The result of the assessment—a total estimated output of 48 megatonnes—showed that “we’re actually doing well compared to the rest of the country” on a per capita basis, writes TAF Director of Policy and Programs Bryan Purcell.
The analysis showed that cities with higher population densities had lower per capita transportation emissions, and attributed the GTHA’s strong GHG performance to the low-carbon electricity sources it can depend on since Ontario phased out the last of its coal-fired power plants in 2014.
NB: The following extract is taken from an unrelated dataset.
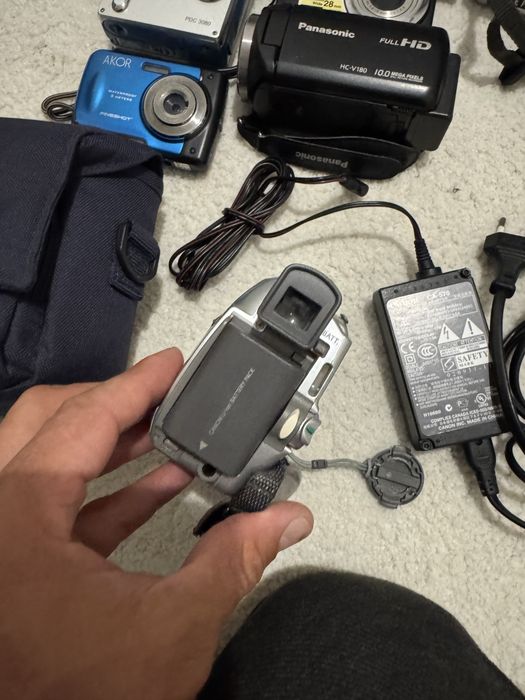 Aparate foto si camere video defecte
But the other breakthrough was the ability to produce a combined inventory, using consistent data sources and methodologies, Purcell explains. “Individual municipalities have reported inventories in the past but they differ[ed] in methodology, data sources, and timing, making it difficult to draw conclusions or prioritize policies.”
Apart from industrial emissions in Hamilton, the inventory pointed to buildings as the GTHA’s biggest source of GHG emissions, at 44%, followed by transportation at 33%. Notably, natural gas accounted for 87% of the emissions from buildings.
“Toronto and Peel Region (Mississauga, Brampton, and Caledon) contribute to the lion’s share of emissions within the GTHA, at 31 and 23%,” Purcell writes. On a per capita basis, Hamilton and Peel are above-average emitters,” but “when industrial emissions are excluded, Hamilton has the lowest emissions per capita in the GTHA.”